TE Connectivity's Q4 2025: Contradictions Emerge on AI Growth, Industrial Market Share, Margins, Tariff Strategies, and Gross Margin Forecasts

Wednesday, Oct 29, 2025 1:16 pm ET7min read
Aime RobotAime Summary

- TE Connectivity reported Q4 FY2025 revenue of $4.75B (+17% YoY) with AI-driven DDN segment tripling to $900M, driven by hyperscaler demand.

- FY2025 adjusted EPS rose 16% to $8.76; gross margin recast to ~36% (up 100 bps) and operating margin expanded 80 bps to ~20%.

- Management guided Q1 FY2026 revenue of $4.5B (+17% YoY) with continued AI/industrial growth, while CapEx remains near 5% of sales.

- Industrial markets showed strong momentum (notably Energy/AD&M), while Transportation stabilized with 4-6% content growth over market.

Date of Call: October 29, 2025

Financials Results

  • Revenue: Q4 sales $4.75B, up 17% reported and 11% organically YoY; FY2025 sales $17.3B, up 9% reported and 6% organic YoY
  • EPS: Q4 adjusted EPS $2.44, up 25% YoY; FY2025 adjusted EPS $8.76, up 16% YoY (GAAP Q4 EPS $2.23 incl. charges)
  • Gross Margin: About 35% in FY25 (recasted ~36% after removing amortization from non-GAAP; ~100 bps improvement from recast)
  • Operating Margin: Adjusted operating margin ~20% in Q4 (up 130 bps YoY); FY2025 adjusted operating margin ~20%, expanded ~80 bps YoY

Guidance:

  • Q1 FY2026 sales expected ~$4.5B, up 17% reported / 11% organic YoY
  • Q1 FY2026 adjusted EPS expected ~ $2.53, up ~23% YoY
  • Q1 adjusted effective tax rate ~22%; full-year adjusted ETR ~23% (cash tax rate expected well below adjusted ETR)
  • Non-GAAP recast: amortization on intangibles excluded beginning FY2026 (impact ~ $0.15 per quarter)
  • CapEx expected around TE average (a little over 5% of sales), with FY26 dollar increase likely modest vs FY25
  • FY26 restructuring expected roughly ~$100M

Business Commentary:

  • Revenue and Earnings Growth:
  • TE Connectivity reported record sales of $4.75 billion for the fourth quarter, up 17% on a reported basis and 11% organically year-over-year.
  • The growth was driven by strong momentum in both segments, with a focus on strategic positioning in businesses benefiting from secular growth trends.

  • Digital Data Networks (DDN) and AI:

  • The Digital Data Networks segment grew 80% year-over-year, with over $900 million in AI revenue, tripling from the previous year.
  • This growth was supported by increasing ramps from hyperscaler platforms and strong design wins for AI products.

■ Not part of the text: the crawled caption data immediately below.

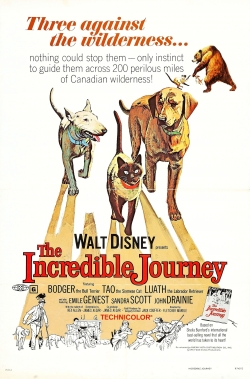 watch free The Incredible Journey hd online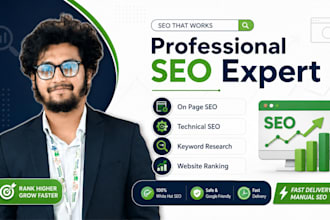 do professional SEO for your website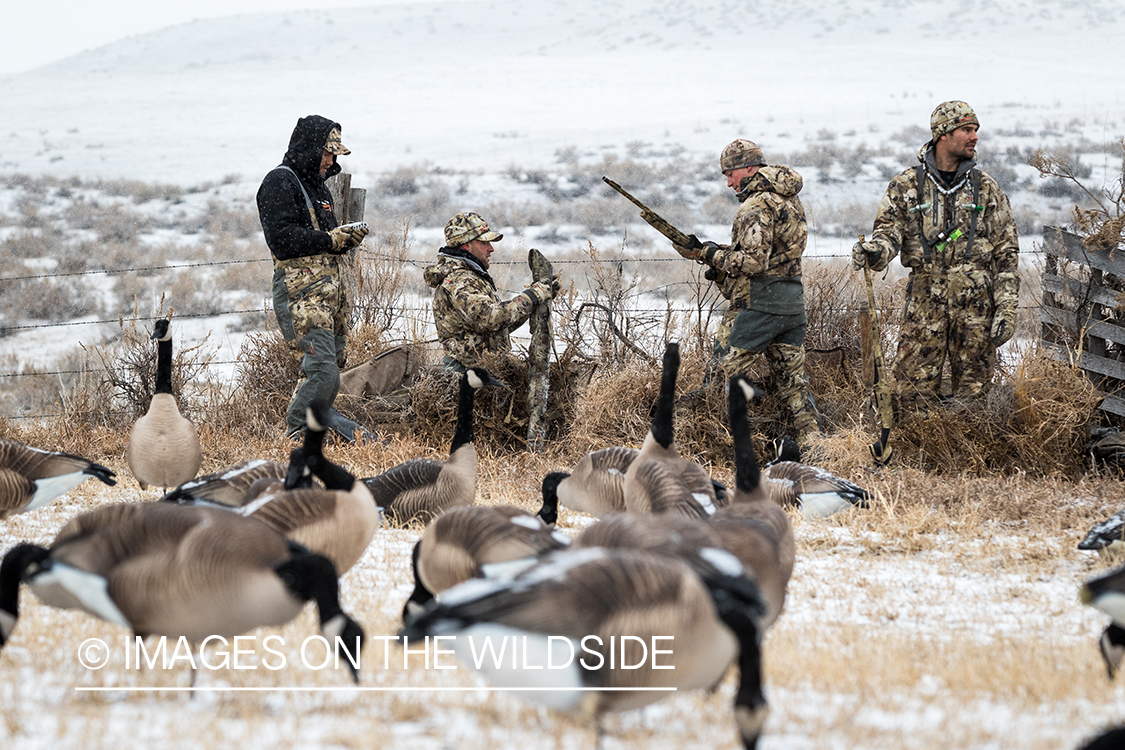 Hunters in field with Canada geese decoys. 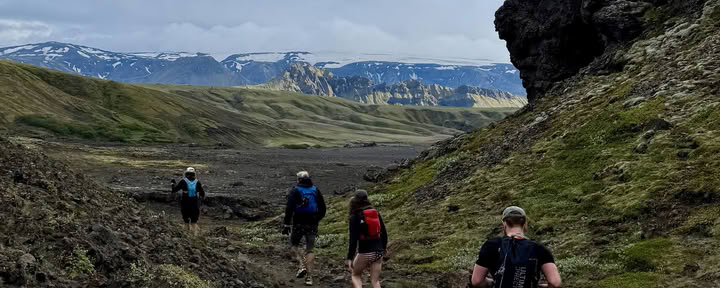 Alive & Running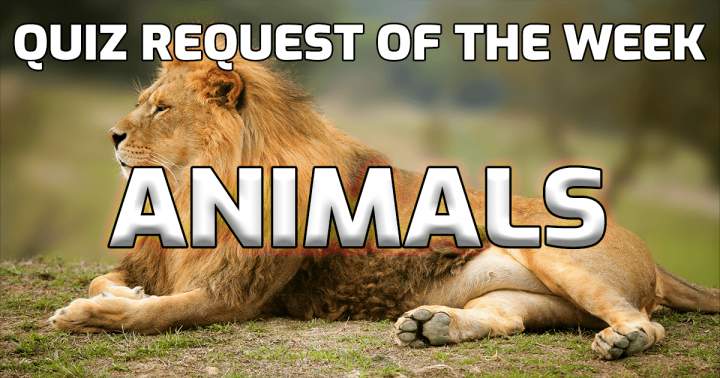 Banner for Quiz Request Of The Week: Animals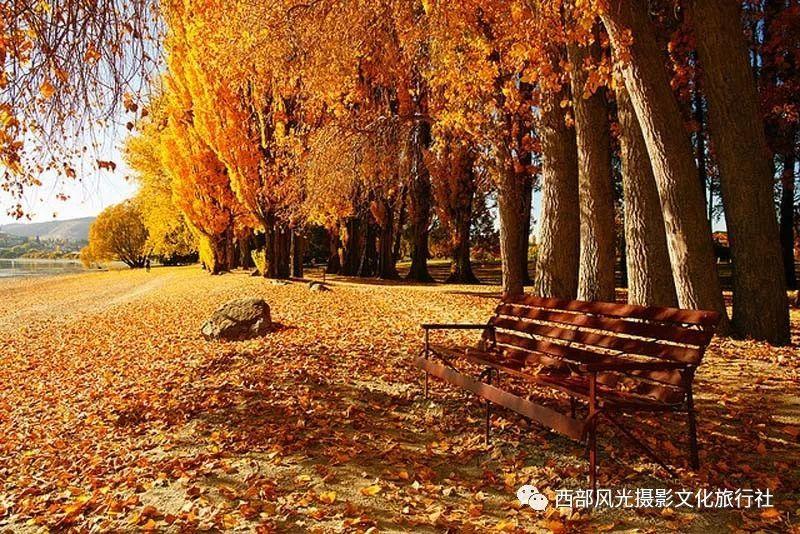 营救青少年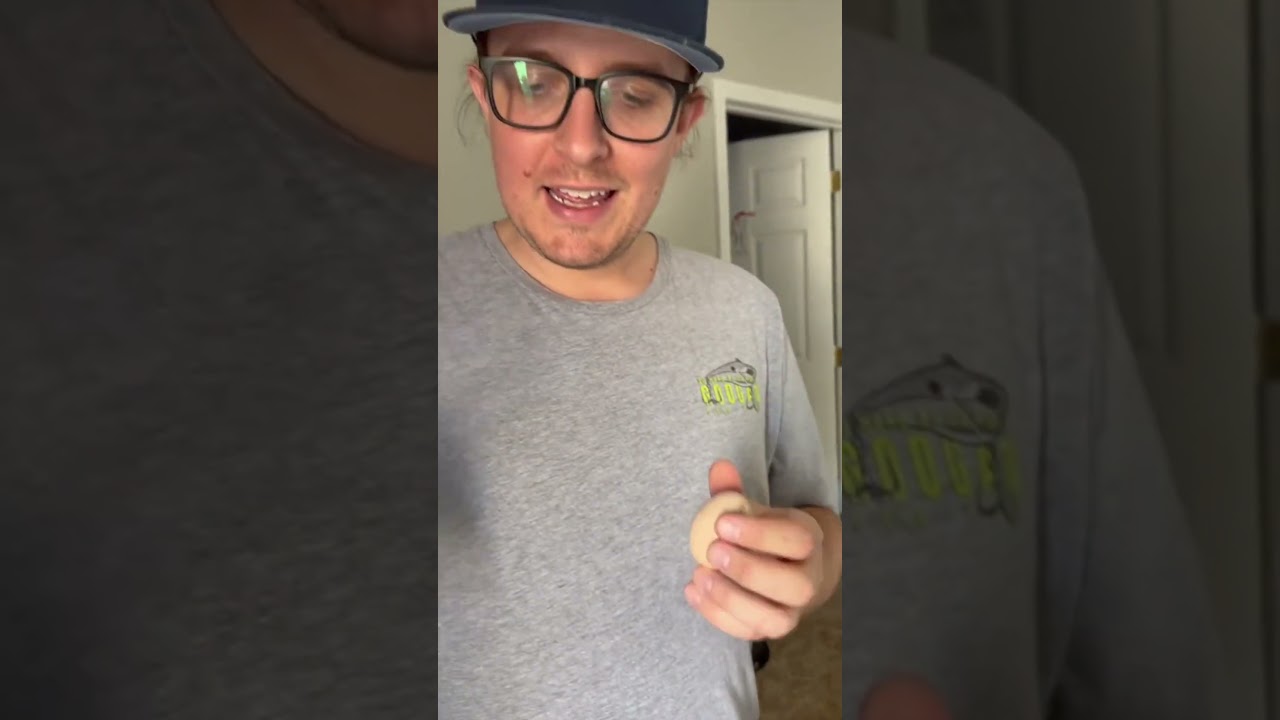 Incubating Eggs to Hatch New Baby Chicks! #chickens #eggs #chickencoop #incubator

  • Orders and Market Growth:

  • TE Connectivity saw orders increase to $4.7 billion, reflecting a 22% year-over-year increase, with a 5% sequential growth.
  • Order improvements were noted in automotive and digital data networks, indicating stability in general industrial end markets.

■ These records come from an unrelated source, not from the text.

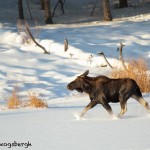 1185 Bull Moose, January, Yellowstone National Park
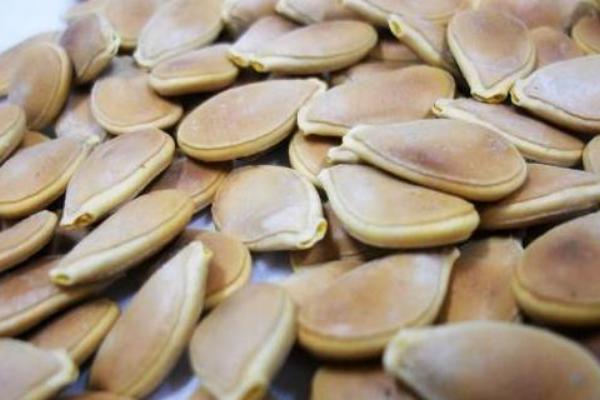 南瓜子壯陽嗎 吃南瓜子補腎嗎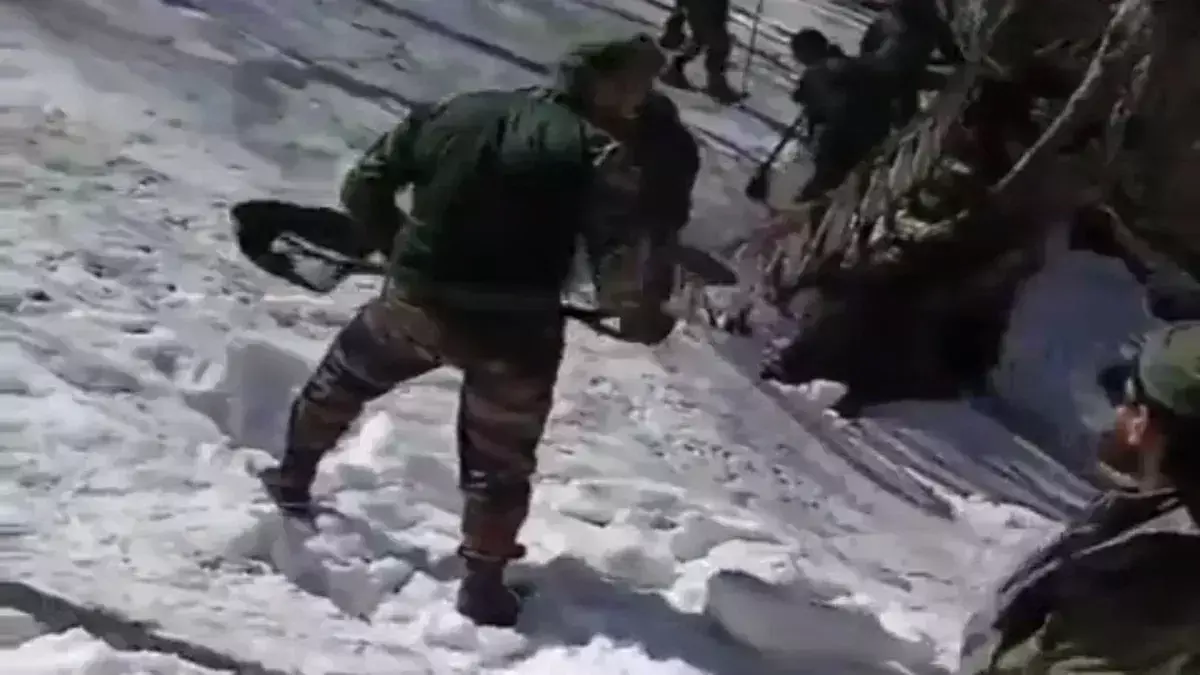 Chamoli: सेना ने तीन किमी आस्था पथ से हटाई बर्फ, गुरुद्वारा होगा फूलों से सुसज्जित Chamoli: सेना ने तीन किमी आस्था पथ से हटाई बर्फ, गुरुद्वारा होगा फूलों से सुसज्जित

  • Operational and Financial Performance:

  • The company reported an operational margin expansion of 130 basis points to 20%, driven by strong execution and operational resilience.
  • TE Connectivity maintained a high free cash flow performance, with $1.2 billion in the fourth quarter and over $3 billion for the full year.

Sentiment Analysis:

Overall Tone: Positive

  • Company reported record FY25 sales ($17.3B), record adjusted EPS ($8.76, +16% YoY) and record free cash flow (> $3B) and Q4 results beat guide (Q4 sales $4.75B, adj. EPS $2.44). Management guided to double-digit Q1 growth and continued momentum into FY26; multiple comments highlight strong AI/DDN ramps and industrial momentum.

Q&A:

  • Question from Scott Davis (Melius Research LLC): Congrats on a great year. I got to lead in on the AI stuff because it's just a giant tailwind for you, and you're doing a -- seem to be doing a great job of capturing those revenues. But last quarter, I think you were talking about $800 million. You did $900 million. I think last quarter, you said you thought maybe '26 was $1 billion. Can we mark-to-market that forecast? And just as importantly, where are you on kind of the scale impact there where you can get to or above kind of company average margins?
    Response: AI revenue ramped to >$900M in FY25 (from $300M in FY24); management expects continued significant dollar growth next year driven by hyperscaler program ramps and co-designs, and also substantial growth outside AI in cloud/non-AI (~$500M) and enterprise, supporting ongoing margin contribution.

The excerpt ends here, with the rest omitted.